■ **Task to carry out**: Set down exactly the entries below, beginning at their first line and ending at the line with "PORSCHE MACAN - 9".

Saved entries
= = = =

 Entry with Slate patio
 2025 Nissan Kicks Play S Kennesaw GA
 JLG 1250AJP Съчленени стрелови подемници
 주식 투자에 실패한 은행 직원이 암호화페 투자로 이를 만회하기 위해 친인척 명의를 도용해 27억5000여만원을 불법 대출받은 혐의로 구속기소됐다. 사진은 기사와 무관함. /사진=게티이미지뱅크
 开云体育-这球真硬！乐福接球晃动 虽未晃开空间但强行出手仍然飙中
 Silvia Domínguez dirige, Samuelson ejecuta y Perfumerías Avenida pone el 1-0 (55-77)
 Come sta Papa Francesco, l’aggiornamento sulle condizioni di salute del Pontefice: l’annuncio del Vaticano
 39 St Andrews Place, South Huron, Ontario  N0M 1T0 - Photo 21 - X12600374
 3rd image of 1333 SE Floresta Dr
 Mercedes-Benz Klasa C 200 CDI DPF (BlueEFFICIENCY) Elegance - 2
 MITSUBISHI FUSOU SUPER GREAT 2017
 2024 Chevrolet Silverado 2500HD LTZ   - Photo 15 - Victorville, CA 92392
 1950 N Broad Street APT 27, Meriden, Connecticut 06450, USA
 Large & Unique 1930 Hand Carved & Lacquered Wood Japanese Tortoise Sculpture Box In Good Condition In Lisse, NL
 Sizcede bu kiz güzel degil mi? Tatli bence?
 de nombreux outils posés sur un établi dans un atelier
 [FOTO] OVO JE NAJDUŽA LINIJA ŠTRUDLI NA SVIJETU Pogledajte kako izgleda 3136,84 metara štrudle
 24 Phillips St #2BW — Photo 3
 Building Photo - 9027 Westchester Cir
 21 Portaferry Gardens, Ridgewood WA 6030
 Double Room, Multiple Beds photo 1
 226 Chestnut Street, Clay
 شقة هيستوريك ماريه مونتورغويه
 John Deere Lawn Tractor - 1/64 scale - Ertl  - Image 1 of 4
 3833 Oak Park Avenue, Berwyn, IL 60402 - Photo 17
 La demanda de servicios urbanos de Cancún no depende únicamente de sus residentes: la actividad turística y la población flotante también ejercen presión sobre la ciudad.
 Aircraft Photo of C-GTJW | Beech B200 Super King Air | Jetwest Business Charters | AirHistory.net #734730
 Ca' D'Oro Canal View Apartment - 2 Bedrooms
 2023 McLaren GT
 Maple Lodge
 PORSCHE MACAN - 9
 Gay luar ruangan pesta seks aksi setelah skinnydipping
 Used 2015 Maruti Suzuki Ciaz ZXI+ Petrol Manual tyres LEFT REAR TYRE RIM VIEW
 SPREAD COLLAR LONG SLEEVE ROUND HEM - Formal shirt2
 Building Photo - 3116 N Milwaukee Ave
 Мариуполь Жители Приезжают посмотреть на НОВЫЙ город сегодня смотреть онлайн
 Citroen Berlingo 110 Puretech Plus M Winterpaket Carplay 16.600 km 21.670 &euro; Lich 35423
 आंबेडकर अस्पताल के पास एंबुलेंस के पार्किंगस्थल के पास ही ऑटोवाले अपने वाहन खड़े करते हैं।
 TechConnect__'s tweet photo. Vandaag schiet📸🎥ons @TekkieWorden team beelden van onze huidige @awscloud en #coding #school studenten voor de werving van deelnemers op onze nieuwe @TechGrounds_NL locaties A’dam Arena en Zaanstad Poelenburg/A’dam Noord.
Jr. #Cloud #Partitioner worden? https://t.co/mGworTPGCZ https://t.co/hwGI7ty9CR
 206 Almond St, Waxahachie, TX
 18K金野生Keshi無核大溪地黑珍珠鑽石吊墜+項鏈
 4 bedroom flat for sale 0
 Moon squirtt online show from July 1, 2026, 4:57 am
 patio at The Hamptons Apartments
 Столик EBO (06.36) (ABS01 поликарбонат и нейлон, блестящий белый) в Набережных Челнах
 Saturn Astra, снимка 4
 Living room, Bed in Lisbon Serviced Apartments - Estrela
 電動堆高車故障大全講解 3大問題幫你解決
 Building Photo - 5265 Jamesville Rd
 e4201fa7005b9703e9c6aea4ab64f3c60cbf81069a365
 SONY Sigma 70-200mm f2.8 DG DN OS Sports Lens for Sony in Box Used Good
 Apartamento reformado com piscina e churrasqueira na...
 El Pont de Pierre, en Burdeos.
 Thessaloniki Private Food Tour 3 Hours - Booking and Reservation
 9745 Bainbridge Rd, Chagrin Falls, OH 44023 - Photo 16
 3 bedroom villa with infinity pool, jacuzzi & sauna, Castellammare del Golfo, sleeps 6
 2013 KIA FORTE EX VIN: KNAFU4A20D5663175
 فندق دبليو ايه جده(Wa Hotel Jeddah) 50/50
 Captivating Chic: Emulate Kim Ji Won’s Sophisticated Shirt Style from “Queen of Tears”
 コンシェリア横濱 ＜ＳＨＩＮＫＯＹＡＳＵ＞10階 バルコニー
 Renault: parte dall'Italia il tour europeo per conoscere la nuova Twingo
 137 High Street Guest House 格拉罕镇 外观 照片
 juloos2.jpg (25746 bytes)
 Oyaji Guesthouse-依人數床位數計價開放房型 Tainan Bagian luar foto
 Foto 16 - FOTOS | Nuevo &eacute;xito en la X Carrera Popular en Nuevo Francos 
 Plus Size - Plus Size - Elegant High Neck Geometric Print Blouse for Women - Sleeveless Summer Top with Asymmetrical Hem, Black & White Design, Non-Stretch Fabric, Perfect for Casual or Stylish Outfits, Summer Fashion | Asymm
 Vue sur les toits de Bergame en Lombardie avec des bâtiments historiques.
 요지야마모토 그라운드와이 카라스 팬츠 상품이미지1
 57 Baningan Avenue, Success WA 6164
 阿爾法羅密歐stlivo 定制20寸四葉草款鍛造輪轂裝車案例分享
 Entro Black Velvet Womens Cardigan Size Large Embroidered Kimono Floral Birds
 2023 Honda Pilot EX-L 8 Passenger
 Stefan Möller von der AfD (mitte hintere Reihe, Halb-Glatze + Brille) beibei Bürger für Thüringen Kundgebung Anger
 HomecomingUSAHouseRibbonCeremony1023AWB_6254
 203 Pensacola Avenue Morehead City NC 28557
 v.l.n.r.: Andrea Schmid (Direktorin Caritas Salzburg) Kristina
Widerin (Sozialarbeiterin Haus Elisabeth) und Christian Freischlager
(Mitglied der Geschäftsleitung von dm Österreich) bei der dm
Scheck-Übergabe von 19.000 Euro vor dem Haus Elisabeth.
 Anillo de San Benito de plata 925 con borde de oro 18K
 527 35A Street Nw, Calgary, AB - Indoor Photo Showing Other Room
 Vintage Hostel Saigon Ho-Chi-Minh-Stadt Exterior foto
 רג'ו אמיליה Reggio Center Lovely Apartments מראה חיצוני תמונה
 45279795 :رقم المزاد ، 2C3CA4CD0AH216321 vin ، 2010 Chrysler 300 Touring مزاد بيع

= = = =

■ **Answer section**:
 Entry with Slate patio
 2025 Nissan Kicks Play S Kennesaw GA
 JLG 1250AJP Съчленени стрелови подемници
 주식 투자에 실패한 은행 직원이 암호화페 투자로 이를 만회하기 위해 친인척 명의를 도용해 27억5000여만원을 불법 대출받은 혐의로 구속기소됐다. 사진은 기사와 무관함. /사진=게티이미지뱅크
 开云体育-这球真硬！乐福接球晃动 虽未晃开空间但强行出手仍然飙中
 Silvia Domínguez dirige, Samuelson ejecuta y Perfumerías Avenida pone el 1-0 (55-77)
 Come sta Papa Francesco, l’aggiornamento sulle condizioni di salute del Pontefice: l’annuncio del Vaticano
 39 St Andrews Place, South Huron, Ontario  N0M 1T0 - Photo 21 - X12600374
 3rd image of 1333 SE Floresta Dr
 Mercedes-Benz Klasa C 200 CDI DPF (BlueEFFICIENCY) Elegance - 2
 MITSUBISHI FUSOU SUPER GREAT 2017
 2024 Chevrolet Silverado 2500HD LTZ   - Photo 15 - Victorville, CA 92392
 1950 N Broad Street APT 27, Meriden, Connecticut 06450, USA
 Large & Unique 1930 Hand Carved & Lacquered Wood Japanese Tortoise Sculpture Box In Good Condition In Lisse, NL
 Sizcede bu kiz güzel degil mi? Tatli bence?
 de nombreux outils posés sur un établi dans un atelier
 [FOTO] OVO JE NAJDUŽA LINIJA ŠTRUDLI NA SVIJETU Pogledajte kako izgleda 3136,84 metara štrudle
 24 Phillips St #2BW — Photo 3
 Building Photo - 9027 Westchester Cir
 21 Portaferry Gardens, Ridgewood WA 6030
 Double Room, Multiple Beds photo 1
 226 Chestnut Street, Clay
 شقة هيستوريك ماريه مونتورغويه
 John Deere Lawn Tractor - 1/64 scale - Ertl  - Image 1 of 4
 3833 Oak Park Avenue, Berwyn, IL 60402 - Photo 17
 La demanda de servicios urbanos de Cancún no depende únicamente de sus residentes: la actividad turística y la población flotante también ejercen presión sobre la ciudad.
 Aircraft Photo of C-GTJW | Beech B200 Super King Air | Jetwest Business Charters | AirHistory.net #734730
 Ca' D'Oro Canal View Apartment - 2 Bedrooms
 2023 McLaren GT
 Maple Lodge
 PORSCHE MACAN - 9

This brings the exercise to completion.